Fancy Fallback Routing (keepalived) in home LAN?

I'm the kind of guy who "breaks the internet" quite a bit :wink: mostly while doing things like upgrading software or adding new features like my YouTube quota that keeps my kids from vegging out in front of Minecraft videos all day... In the end it's good, but sometimes things break for a while, could even be a day or something until I figure out which thing is causing the problem.

I have a setup (ATT gig fiber) where my ISP provides fiber to an ONT, and then ethernet to an Arris NVG599 and then from there I have ethernet to a smart switch on a VLAN for WAN, and then my main router, several APs, and some wired branches etc all go somehow out of this switch.

So, in theory my primary AP which is a WRT1900ACS could also double as a "backup/fallback" router because it could also output packets on the WAN VLAN. The main router is a PC that also does other NAS and proxy and etc stuff.

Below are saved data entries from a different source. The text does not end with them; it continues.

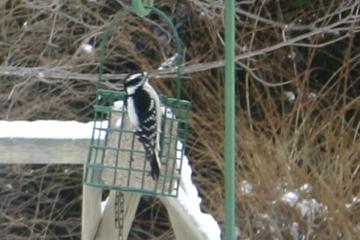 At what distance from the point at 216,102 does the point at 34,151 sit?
3845mm

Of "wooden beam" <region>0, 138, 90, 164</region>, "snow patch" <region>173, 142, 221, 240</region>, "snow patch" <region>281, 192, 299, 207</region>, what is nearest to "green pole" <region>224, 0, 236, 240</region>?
"snow patch" <region>173, 142, 221, 240</region>

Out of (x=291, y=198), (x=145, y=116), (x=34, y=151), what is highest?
(x=291, y=198)

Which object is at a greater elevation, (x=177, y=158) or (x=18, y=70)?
(x=18, y=70)

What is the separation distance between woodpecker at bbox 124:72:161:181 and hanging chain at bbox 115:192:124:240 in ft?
0.42

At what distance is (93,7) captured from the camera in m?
7.30

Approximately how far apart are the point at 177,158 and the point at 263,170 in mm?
2330

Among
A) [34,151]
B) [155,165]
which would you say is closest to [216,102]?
[155,165]

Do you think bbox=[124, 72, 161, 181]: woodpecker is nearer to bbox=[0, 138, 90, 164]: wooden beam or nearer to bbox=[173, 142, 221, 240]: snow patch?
bbox=[173, 142, 221, 240]: snow patch

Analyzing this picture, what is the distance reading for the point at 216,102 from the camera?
695cm

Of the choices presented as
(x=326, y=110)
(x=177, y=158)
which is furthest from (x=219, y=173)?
(x=177, y=158)

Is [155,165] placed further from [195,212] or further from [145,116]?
[195,212]

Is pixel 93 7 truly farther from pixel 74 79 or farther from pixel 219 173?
pixel 219 173

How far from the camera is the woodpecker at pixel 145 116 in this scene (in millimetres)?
3307

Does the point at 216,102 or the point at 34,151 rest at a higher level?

What I'd like is in the case where my main router/PC goes down, the WRT1900ACS (or some other device, could be an espressobin or jalapeno board etc) falls back and starts taking over all the routing. This way if I break something, I can always just unplug the main router, work on it via console, and the internet comes back up within a few seconds and no one sits around staring at me and tapping their foot :wink:

Any suggestions for technologies that could accomplish this? Note several things:

  1. The main router runs a squid proxy that is required to get out via HTTP/HTTPS so I assume I should have the backup device also run a squid proxy and somehow it should "take-over" the IP address of the main router when it loses a heartbeat.
  2. I don't think this is really a routing issue, since we're talking about basically static routes, there is only one ISP connection, and both the main router and the secondary device will be on the same VLANs (both guest and main LAN should be taken over).
  3. I'm ok with having a heartbeat on a separate VLAN if that makes sense.

Thoughts welcome!

2 Likes

Not sure how ospf would work in this context - i think youd need 3 routers for it to work.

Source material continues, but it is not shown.